Dall’altro lato, le sempre crescenti emergenze ambientali e le problematiche connesse ad una accelerazione insostenibile di tecnologie e consumi in un mondo sovrappopolato impongono – dovrebbero imporre -, un ripensamento su larga scala del nostro tenore di vita, e dei caposaldi che lo regolano.
Non è più questione di progresso e tradizione, o per lo meno non solo.
E’ che proprio abbiamo perso la bussola, e non abbiamo il coraggio e la lucidità di ammetterlo.
Al punto che per cercare prospettive di un futuro possibile abbiamo bisogno di testimonianze eccelse che però proprio perché tali, purtroppo, non fanno sistema.
Renzo Piano è una di queste.
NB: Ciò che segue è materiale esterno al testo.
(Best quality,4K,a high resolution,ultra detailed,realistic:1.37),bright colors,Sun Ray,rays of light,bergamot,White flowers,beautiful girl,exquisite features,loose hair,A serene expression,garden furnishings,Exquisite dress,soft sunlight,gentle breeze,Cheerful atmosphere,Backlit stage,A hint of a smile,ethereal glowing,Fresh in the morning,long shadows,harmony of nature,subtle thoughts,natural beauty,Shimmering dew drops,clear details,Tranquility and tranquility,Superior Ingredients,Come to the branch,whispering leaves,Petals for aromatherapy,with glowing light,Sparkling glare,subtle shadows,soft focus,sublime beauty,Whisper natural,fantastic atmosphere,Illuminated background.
Nella bella intervista riportata da Sandro Russo descrive un suo progetto di riqualificazione urbanistica a Mosca.
“Quella che un tempo era una tetra centrale elettrica si è trasformata nel più grande spazio in Russia per l’arte contemporanea… con accanto un bosco di betulle… far nascere questa lanterna magica era un’idea vagamente assurda, ma attraente.”
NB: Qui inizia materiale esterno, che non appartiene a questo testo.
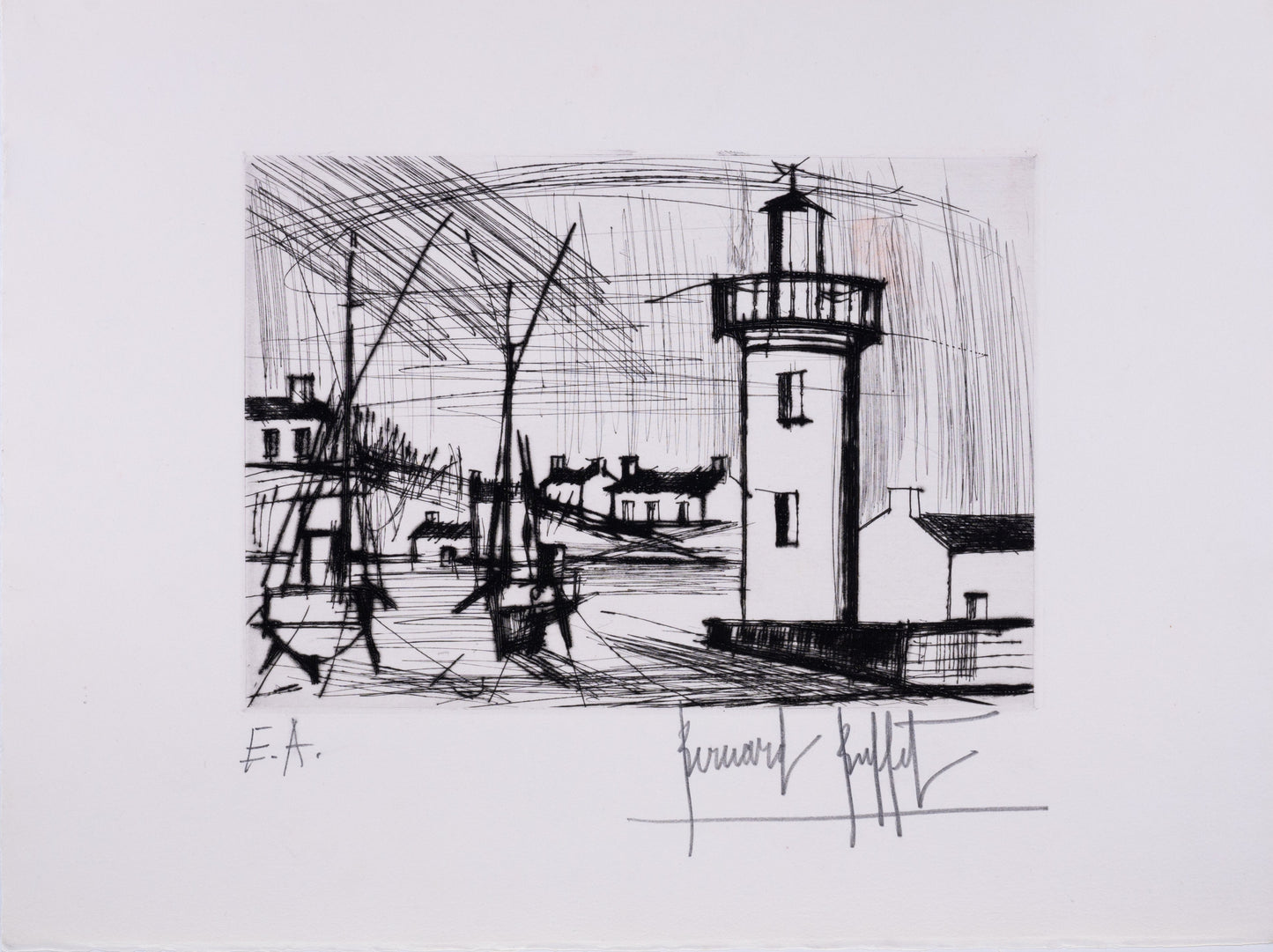 Bernard BUFFET : Le phare - Gravure originale signée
L’Architetto, nella sua accezione più nobile, osa costruire i propri sogni, e li rende fruibili alle persone.
“Il lavoro dell’architetto è quello di progettare, ossia portare avanti una funzione e se non c’è questa forza utopistica non si va da nessuna parte… Non faccio politica, ma è indubbio che l’architettura sia l’arte della polis, della trasformazione della città.”
A Ponza abbiamo invece l’irrisolta problematica di Chiaia di Luna.
E gli interventi urbanistici di cui si parla riguardano il taglio degli alberi, laddove l’Architetto impianta boschi di betulle ed alberi di jacaranda. Bella, la testimonianza, o meglio il grido di dolore, di Luigi Dies che vorrebbe il minimo sindacale: un perché, che non avviene mai. “Chi conduce il gioco ci vuole così”, è l’amara considerazione che ne trae.
…Quanti Renzo Piano ci vorrebbero?
Eppure, almeno in teoria, non è mai tardi. A patto di cercare nuove strade, perché la modernità cercata da Rimbaud non è una ricerca ossessiva di andare oltre, di svecchiarsi, ma piuttosto di capire quando è il momento di cambiare rotta perché un sistema sbagliato produce stagnazione, immobilismo.
Se lo chiede anche Franco De Luca nella sua metafora della parracina prena: “la politica, nell’attuale dialettica fra le forze in campo, non è espressione naturale della vita… potremo mai essere pronti per il cambiamento?”
Ce lo chiediamo, spesso, anche noi.
Il cambiamento passa per tante vie. L’ormai “nostra” Lianella descrive il suo piccolo mondo antico, Tufo di Minturno, che tante similitudini ha con il nostro. Un mondo che non esiste più, in cui non vi era motivo per uscire, perché vi era già tutto. Qualcuno ricorderà la Ponza in cui si poteva essere autosufficienti, in cui arti e mestieri si tramandavano con orgoglio. Oggi siamo oltre. Non c’è nemmeno più l’esigenza di partire, come nelle leggende del secolo scorso in cui c’era quasi-tutto e si andava a Napoli per comprare una bicicletta. No. Oggi si compra tutto on-line, dai viaggi alle marmellate, passando per i mobili. Non c’è più un dentro ed un fuori, semplicemente perché non esiste più il senso del paese e della collettività in un mondo liquido ed indistinguibile.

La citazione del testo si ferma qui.